#### Exercise prompt
Every line containing the word "Fabric" is to be copied from the data below.

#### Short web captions
——

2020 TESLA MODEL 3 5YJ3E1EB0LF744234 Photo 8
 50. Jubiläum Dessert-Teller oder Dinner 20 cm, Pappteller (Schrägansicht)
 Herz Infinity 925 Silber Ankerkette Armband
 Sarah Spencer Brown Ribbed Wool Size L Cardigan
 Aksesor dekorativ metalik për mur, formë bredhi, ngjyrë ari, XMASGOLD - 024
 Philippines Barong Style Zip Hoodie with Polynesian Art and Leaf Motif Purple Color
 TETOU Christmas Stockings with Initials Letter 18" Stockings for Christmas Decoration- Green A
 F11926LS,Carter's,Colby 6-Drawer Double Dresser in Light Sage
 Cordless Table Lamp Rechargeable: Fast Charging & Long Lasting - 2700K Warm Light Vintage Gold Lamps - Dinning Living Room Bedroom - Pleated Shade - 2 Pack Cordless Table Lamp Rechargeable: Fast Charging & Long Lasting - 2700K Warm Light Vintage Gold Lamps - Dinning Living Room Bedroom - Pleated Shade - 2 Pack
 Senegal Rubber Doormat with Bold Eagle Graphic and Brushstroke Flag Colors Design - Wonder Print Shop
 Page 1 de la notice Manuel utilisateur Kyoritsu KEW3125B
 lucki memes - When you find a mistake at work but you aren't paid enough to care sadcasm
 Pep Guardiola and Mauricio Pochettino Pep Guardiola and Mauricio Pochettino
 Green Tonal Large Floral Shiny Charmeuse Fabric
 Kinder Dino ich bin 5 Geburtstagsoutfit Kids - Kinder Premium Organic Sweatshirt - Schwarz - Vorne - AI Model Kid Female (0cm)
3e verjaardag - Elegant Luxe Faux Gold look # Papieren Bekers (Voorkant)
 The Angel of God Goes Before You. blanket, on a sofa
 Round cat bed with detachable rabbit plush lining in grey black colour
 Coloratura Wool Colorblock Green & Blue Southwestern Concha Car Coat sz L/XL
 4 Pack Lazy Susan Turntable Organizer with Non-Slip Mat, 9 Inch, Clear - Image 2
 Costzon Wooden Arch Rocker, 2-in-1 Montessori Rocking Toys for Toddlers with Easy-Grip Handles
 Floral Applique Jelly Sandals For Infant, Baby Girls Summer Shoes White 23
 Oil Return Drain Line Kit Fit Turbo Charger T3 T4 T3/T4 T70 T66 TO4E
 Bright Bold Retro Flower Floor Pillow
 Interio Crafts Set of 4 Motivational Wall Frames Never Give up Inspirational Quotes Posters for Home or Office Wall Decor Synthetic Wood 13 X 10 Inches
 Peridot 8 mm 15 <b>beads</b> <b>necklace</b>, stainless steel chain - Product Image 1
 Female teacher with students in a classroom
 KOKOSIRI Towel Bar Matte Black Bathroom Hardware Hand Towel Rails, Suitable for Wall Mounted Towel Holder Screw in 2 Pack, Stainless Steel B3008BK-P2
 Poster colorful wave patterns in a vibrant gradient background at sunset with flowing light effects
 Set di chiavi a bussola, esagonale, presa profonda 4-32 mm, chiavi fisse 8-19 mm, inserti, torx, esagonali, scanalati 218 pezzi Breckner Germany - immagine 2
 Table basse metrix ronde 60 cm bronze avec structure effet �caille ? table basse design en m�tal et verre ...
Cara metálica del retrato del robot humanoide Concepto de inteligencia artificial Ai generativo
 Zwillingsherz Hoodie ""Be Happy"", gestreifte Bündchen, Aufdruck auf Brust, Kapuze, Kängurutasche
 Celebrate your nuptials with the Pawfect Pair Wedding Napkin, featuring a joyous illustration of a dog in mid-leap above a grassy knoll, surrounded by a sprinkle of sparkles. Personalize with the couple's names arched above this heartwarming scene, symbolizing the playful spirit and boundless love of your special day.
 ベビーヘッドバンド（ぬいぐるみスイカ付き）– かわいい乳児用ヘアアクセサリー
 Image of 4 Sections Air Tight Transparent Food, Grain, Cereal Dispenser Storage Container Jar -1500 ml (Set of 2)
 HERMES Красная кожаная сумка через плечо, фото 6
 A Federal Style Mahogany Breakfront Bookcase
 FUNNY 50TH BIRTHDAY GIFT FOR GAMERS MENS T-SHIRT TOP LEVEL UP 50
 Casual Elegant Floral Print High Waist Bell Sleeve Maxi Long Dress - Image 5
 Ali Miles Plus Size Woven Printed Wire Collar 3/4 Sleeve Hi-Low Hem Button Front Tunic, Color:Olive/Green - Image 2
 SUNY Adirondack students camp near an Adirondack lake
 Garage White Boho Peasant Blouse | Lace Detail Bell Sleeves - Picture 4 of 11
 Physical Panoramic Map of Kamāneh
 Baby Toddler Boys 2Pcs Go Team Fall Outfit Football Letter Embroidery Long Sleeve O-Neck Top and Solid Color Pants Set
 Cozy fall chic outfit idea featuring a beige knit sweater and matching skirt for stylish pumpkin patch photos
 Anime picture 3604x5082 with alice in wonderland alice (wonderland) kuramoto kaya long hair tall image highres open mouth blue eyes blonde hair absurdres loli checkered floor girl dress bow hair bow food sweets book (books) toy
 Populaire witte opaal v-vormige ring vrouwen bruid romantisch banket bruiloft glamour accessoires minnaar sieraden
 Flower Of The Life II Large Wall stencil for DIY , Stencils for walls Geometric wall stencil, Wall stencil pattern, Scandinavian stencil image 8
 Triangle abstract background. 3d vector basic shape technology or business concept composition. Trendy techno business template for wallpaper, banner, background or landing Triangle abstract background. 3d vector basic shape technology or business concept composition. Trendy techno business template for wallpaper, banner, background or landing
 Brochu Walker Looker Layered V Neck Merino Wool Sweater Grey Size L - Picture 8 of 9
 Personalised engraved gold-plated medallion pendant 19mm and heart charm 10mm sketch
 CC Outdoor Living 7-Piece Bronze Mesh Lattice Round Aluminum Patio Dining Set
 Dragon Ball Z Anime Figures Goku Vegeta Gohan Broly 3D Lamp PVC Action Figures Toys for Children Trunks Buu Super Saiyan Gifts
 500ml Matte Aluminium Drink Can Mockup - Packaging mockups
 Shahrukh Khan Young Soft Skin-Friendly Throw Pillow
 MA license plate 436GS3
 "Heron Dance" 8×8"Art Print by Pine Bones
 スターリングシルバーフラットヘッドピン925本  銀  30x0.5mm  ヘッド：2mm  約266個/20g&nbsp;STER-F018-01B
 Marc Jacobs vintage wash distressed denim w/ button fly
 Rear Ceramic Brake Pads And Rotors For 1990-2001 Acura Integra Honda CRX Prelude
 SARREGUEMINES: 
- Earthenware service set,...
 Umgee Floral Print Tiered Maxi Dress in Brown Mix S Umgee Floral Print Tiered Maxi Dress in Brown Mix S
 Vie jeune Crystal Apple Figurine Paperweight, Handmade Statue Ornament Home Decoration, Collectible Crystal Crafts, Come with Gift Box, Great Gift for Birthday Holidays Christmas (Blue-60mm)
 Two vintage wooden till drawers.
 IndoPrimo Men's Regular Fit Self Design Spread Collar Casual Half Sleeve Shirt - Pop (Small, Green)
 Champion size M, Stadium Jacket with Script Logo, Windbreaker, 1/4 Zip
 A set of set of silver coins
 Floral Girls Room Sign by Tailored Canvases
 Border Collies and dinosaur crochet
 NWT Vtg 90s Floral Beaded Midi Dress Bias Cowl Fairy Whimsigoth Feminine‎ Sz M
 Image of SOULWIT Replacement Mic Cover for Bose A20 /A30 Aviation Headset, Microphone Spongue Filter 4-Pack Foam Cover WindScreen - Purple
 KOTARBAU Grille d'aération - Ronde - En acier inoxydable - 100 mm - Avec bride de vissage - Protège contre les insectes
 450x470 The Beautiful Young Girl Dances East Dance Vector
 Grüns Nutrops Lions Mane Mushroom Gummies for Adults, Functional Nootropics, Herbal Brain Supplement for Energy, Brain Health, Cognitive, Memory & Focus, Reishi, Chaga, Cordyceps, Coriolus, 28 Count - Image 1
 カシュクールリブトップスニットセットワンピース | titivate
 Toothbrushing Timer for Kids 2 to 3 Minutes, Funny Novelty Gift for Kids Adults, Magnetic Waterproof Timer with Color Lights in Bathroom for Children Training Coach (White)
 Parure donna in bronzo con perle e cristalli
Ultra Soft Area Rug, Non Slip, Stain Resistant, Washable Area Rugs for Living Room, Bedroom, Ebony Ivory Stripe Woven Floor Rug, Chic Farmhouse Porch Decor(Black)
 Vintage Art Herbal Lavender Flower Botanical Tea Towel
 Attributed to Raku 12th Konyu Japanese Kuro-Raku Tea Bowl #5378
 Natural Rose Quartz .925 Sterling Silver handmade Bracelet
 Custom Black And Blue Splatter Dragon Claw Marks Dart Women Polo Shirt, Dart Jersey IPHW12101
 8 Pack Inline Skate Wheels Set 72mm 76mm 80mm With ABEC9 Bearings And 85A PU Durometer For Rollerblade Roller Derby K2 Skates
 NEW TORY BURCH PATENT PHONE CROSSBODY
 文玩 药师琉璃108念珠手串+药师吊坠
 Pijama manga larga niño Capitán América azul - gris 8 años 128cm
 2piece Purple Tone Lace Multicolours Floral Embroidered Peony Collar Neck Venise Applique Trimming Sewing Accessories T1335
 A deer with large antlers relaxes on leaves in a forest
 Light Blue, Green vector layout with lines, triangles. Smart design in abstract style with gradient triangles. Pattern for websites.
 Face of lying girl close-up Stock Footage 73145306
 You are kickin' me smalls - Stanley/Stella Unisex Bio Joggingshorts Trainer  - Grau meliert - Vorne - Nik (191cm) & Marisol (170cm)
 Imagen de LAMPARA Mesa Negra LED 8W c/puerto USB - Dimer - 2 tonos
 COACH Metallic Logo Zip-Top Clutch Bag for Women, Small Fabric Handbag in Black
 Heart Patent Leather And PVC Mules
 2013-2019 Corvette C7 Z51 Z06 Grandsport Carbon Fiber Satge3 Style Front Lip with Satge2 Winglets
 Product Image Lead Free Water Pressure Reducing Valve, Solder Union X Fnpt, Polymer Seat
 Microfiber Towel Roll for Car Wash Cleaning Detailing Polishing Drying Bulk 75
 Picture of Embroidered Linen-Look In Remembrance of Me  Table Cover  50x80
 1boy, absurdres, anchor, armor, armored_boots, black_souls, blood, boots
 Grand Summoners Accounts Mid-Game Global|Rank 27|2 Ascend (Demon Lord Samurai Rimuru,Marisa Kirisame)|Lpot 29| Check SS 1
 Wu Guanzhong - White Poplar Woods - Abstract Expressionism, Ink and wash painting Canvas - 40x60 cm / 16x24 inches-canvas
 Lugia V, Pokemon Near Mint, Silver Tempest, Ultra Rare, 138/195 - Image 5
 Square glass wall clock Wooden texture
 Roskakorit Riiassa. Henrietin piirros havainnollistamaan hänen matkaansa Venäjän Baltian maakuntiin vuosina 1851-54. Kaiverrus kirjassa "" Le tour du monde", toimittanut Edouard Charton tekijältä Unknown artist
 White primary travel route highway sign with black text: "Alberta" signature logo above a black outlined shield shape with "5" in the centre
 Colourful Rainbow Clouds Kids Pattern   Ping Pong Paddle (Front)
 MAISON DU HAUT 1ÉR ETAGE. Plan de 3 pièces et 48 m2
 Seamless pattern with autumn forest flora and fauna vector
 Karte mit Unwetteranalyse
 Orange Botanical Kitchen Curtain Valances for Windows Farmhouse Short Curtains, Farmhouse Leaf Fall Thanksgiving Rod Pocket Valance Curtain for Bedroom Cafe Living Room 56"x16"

——

#### Output for this exercise
 Green Tonal Large Floral Shiny Charmeuse Fabric
 COACH Metallic Logo Zip-Top Clutch Bag for Women, Small Fabric Handbag in Black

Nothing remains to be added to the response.